By Philip B. Rosen, Howard M. Bloom and Robert H. Morsilli
  • February 9, 2018

The National Labor Relations Board has taken another giant step toward repudiating the Obama-era Board’s highly restrictive interpretations of work rules, set forth in Lutheran Heritage-Livonia, 343 NLRB 646 (2004).

In Grill Concepts Services, Inc. v. NLRB, Nos. 16-1238, 1287, at the Board’s request, the U.S. Court of Appeals for the District of Columbia Circuit remanded to the Board for consideration of the legality of several work rules the Board had determined violated the National Labor Relations Act (NLRA). Grill Concepts Services, Inc., 364 NLRB No. 36 (2016). The remand for reconsideration was based on the Board’s December 2017 decision in The Boeing Co., 365 NLRB No. 154.

Under The Boeing Co., the NLRB announced it had rescinded its test for determining the legality of facially neutral work rules (asking whether those rules can be “reasonably construed” by an employee to prohibit the exercise of concerted, protected activity). Instead, the Board will consider whether facially neutral rules, when reasonably interpreted, potentially would interfere with NLRA Section 7 rights to engage in “concerted activities.” The Board will analyze (i) the nature and extent of the potential impact on employees’ NLRA rights, and (ii) the employer’s legitimate justifications for maintaining the rules.

The remand bears close watching because the rules the NLRB will be reconsidering under The Boeing Co. test are similar to those that many employers maintain now or modified or eliminated because of the Obama Board’s crackdown pursuant to the “reasonably construed” standard articulated in Lutheran Heritage-Livonia.

Legality of Rules

The Board will review the legality of the following rules (or portions thereof), various versions of which the Obama Board often found unlawful. (The specific language to be reviewed is shown in italics):

Team Member Relations/Positive Culture

[The Employer] believes that the working conditions, wages, and benefits offered to Team Members are competitive with those offered by other employers in this area and in this industry. If Team Members have concerns about working conditions, wages or benefits, they are encourage[d] to voice these concerns openly, respectfully and directly to their General Managers or if necessary, the Regional/Area Director or with the People Department.


The Timekeeping Rule

Please DO NOT loiter on restaurant property when not working.
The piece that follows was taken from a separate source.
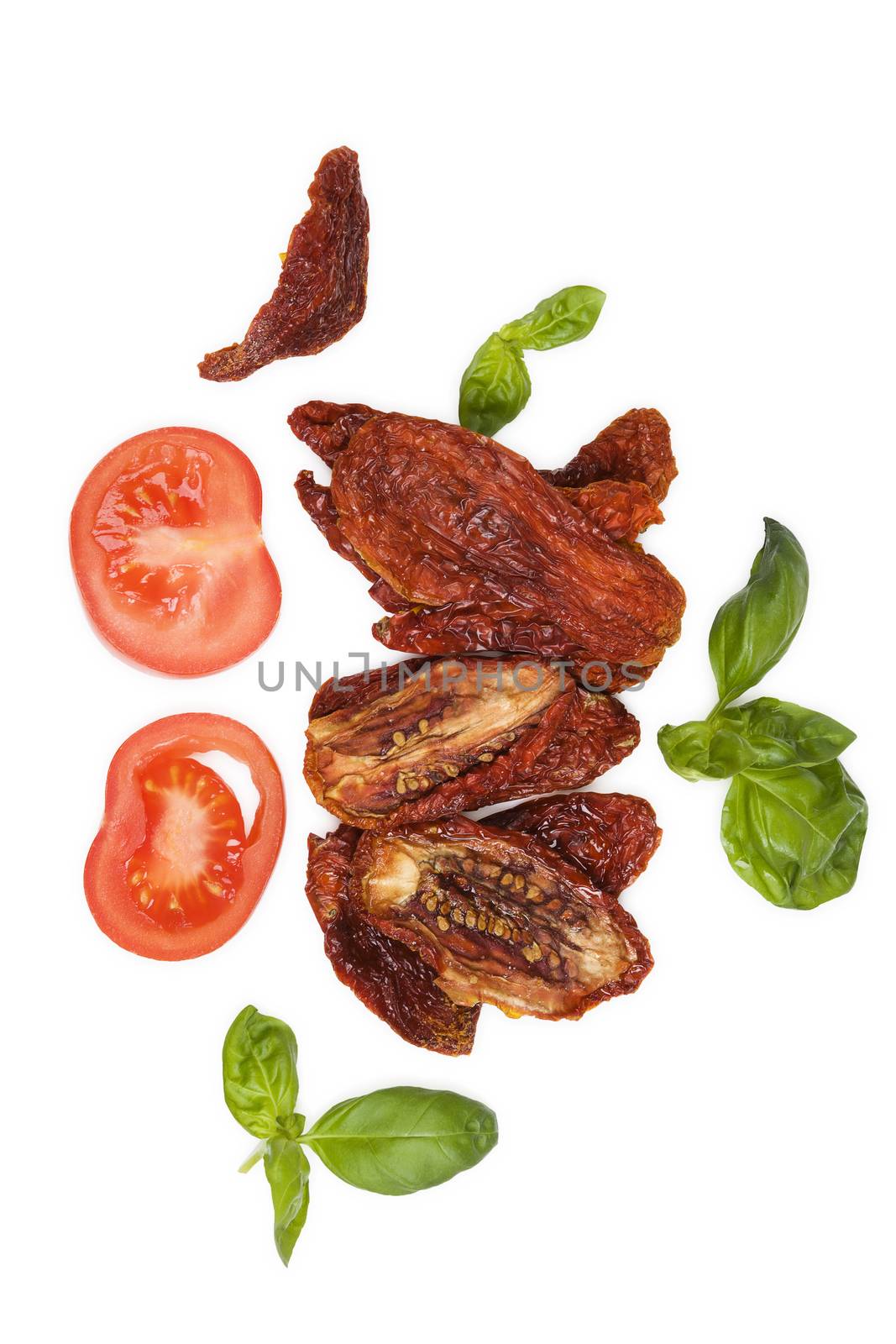 Sundried tomatos, fresh tomatoes and fresh basil herbs isolated on white background, top view. Culinary italian eating.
While off the clock and waiting to punch in, Team Members should not be in the restaurant earlier than 15 minutes prior to their scheduled starting time nor should they remain more than 15 minutes after they clock out.


Team Member Conduct While Representing the Restaurant

Team Members must refrain from any negative behaviors (as listed in this manual) off the property while representing the Restaurant. The Restaurant reserves the right to counsel any Team Member who jeopardizes the welfare and/or reputations of the Restaurant up to and including termination of employment.


Online Communications

***

2. Accurate Information…. Team Members and other company representatives may not knowingly communication information that is untrue or deceptive.

***

4. Protection of Confidential and Proprietary Information…. Team members and other company representatives must maintain the confidentiality of information [Employer] considered confidential, including the company data, Guest data, partner and/or supplier data, personal Team Member data, and any information not generally available to the public.


Progressive Discipline: Gross Misconduct

A Team Member may be terminated for cause without prior warning for committing any conduct issues as listed as Gross Misconduct. Gross Misconduct issues include … failure to participate in or intentional falsification of a statement during a formal company investigation; … unauthorized disclosure of confidential or privileged information concerning company or Team Members.

The Court of Appeals also remanded the Board’s finding that a provision in the employer’s Dispute Resolution Arbitration Agreement subjecting “employment-related disputes” to arbitration violated Section 8(a)(1) because it could be reasonably construed to require arbitration of unfair labor practice charges.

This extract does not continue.